There are some nice touches, like little flowers in word balloons meant to have flowery language. But there is too little variation in types of shot. Though there is movement, and action, far too much of it is depicted from the same, medium-sized vantage. Over the course of a three-hundred page graphic novel, I found myself longing for a bit of variety. And not every reader minds this, but occasionally Siris uses an arrow to show which panel to read next because his page layout doesn’t make it clear. More care could have been taken when arranging each page.

Two parts of the book follow a conventional chronological structure. The book begins with Renzo, Chick-o’s/Siris’ father, suffering an injury which leads to his addiction to pills and beer. Mystifyingly, when Chick-o and his siblings are taken away from his parents, there is very little context for it. This change is the defining turn in the narrative on which the rest of the book hinges. And yet, when the book declares, “It was inevitable that, one day or another, the social workers would show up to take the kids away,” I was blindsided. After re-reading the preceding pages over and over I can see a pattern of Renzo losing jobs and the family having very little money. But the “inevitability” still seems to come from nowhere. Perhaps there is something missing in the translation from French.

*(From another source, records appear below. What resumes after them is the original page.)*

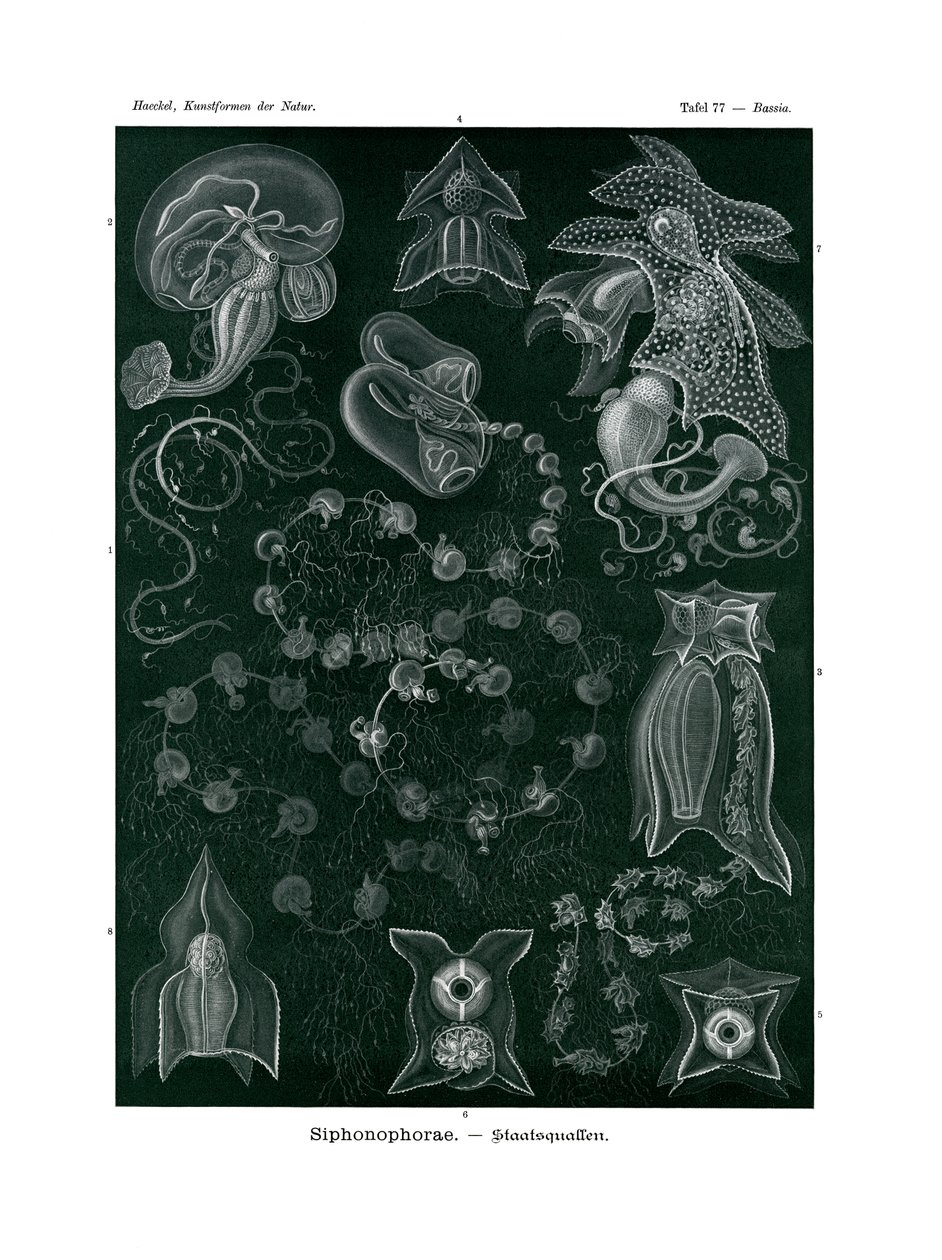 Siphonophorae, 1899-1904 od German School
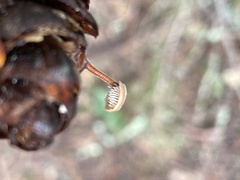 Auriscalpium vulgare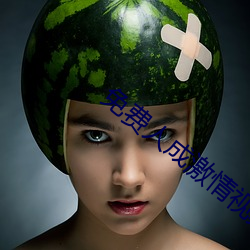 免费人(rén)成激情视频在线观(guān)看冫(bīng)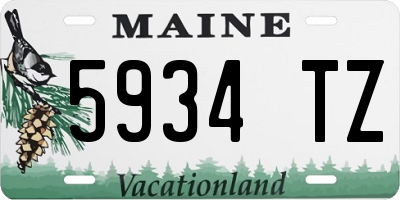 ME license plate 5934TZ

The captions narrate the action as an omniscient narrator or presumably, an older and wiser Chick-o. But the narration in Valise has no emotional distance from any of the action. There’s scant insight or nuance toward the events unfolding. Even if the point is to condemn Quebec’s foster system, there are better ways to get there.

Siris seems to have been through some shit. If he truly reflects back on some of the adults in his childhood (father, nuns, foster parents, social workers) as evil, unredeemable people, that of course is his right. But I can’t root for that perspective as a reader. In the best graphic memoirs, the author interrogates her own feelings and probes her own memories from different perspectives. In Valise, Siris is more interested in exercising his demons than processing his trauma or reckoning with his past.

The last eighty pages or so, starting around Chick-o’s 15th birthday, show how life begins to get better. There are friends, although none of them truly get an identity or distinct personality, and eventually there is music and art and roller-skating. The glimpses into Montreal’s disco and punk scenes are interesting and fun, but like much of the book, barely scratch the surface of something that could be interesting.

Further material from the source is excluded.